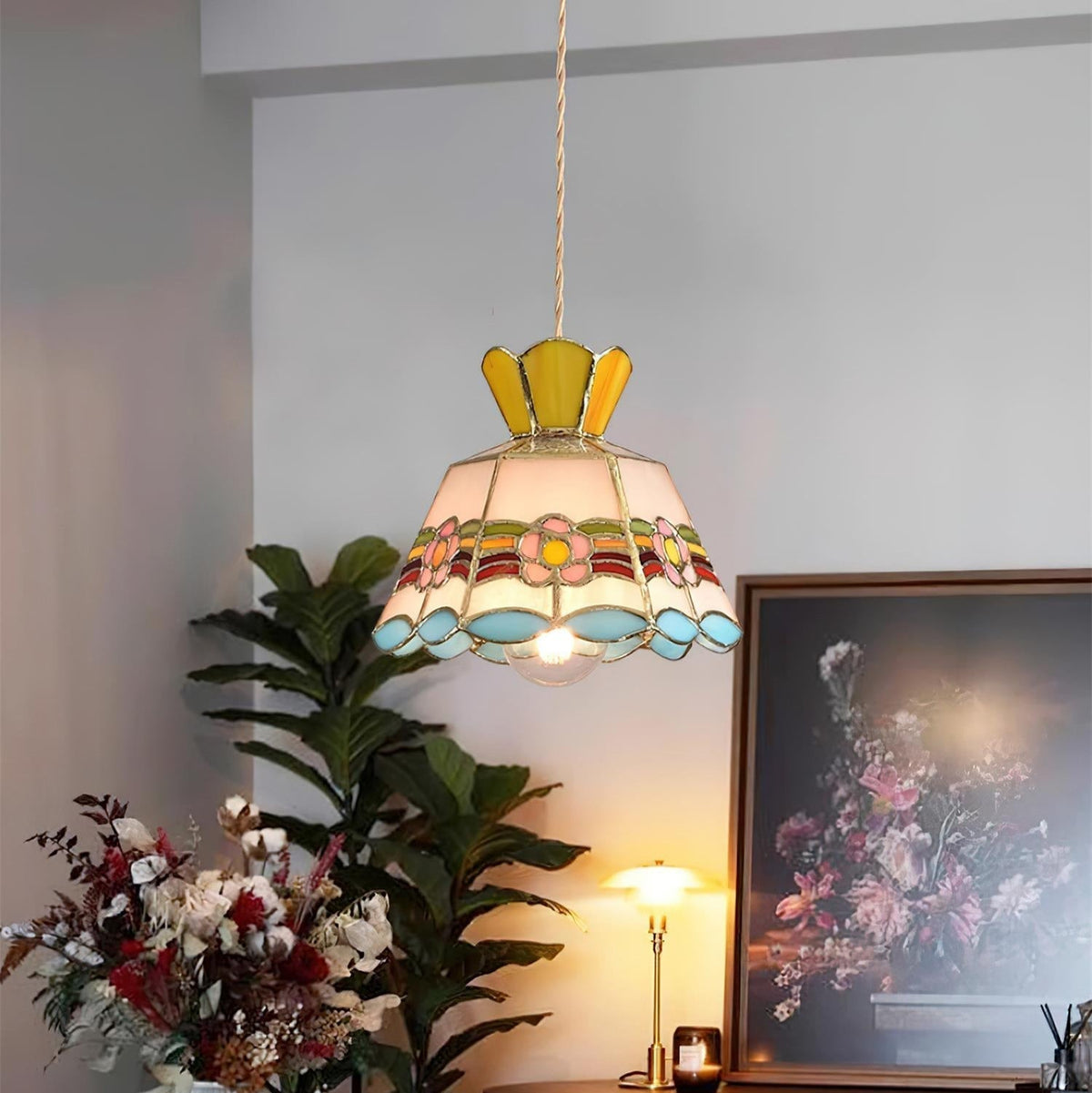 Garden lampă suspendată din sticlă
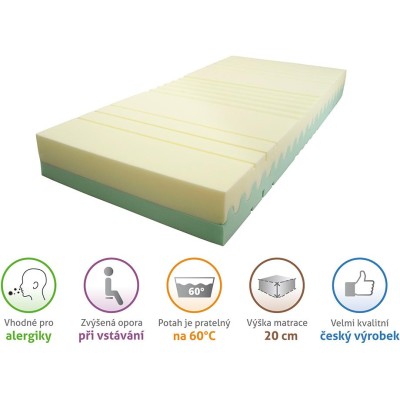 Matrace Camilla 20 cm - 90x220 - prodloužená délka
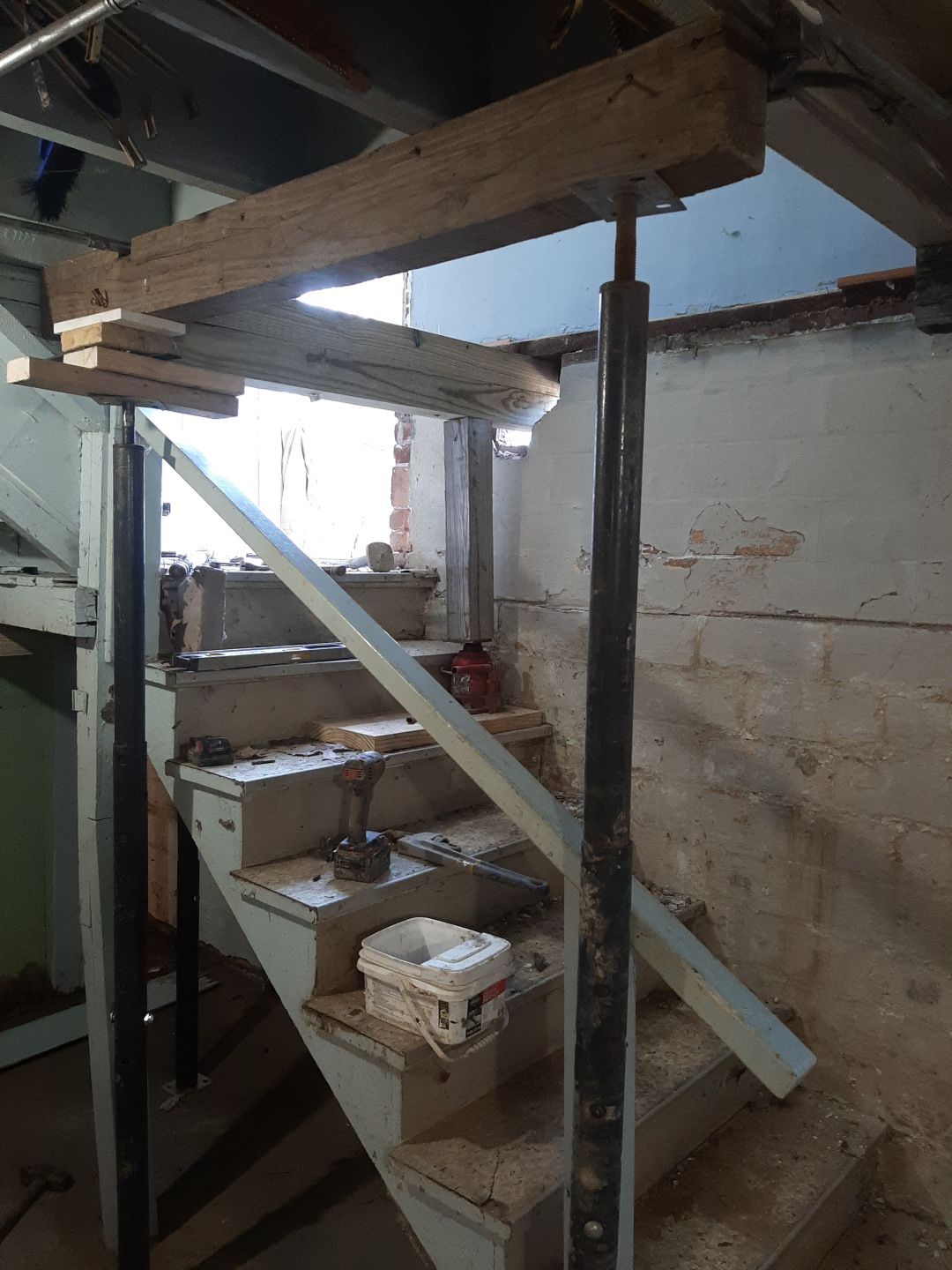 Basement Wall Rebuild with Exterior Waterproofing by Toledo Basement Repair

++++++++++

What you will do => Leaving the pictures out, output the material exactly as it appears.

Written answer =>
 Garden lampă suspendată din sticlă
 Matrace Camilla 20 cm - 90x220 - prodloužená délka
 Basement Wall Rebuild with Exterior Waterproofing by Toledo Basement Repair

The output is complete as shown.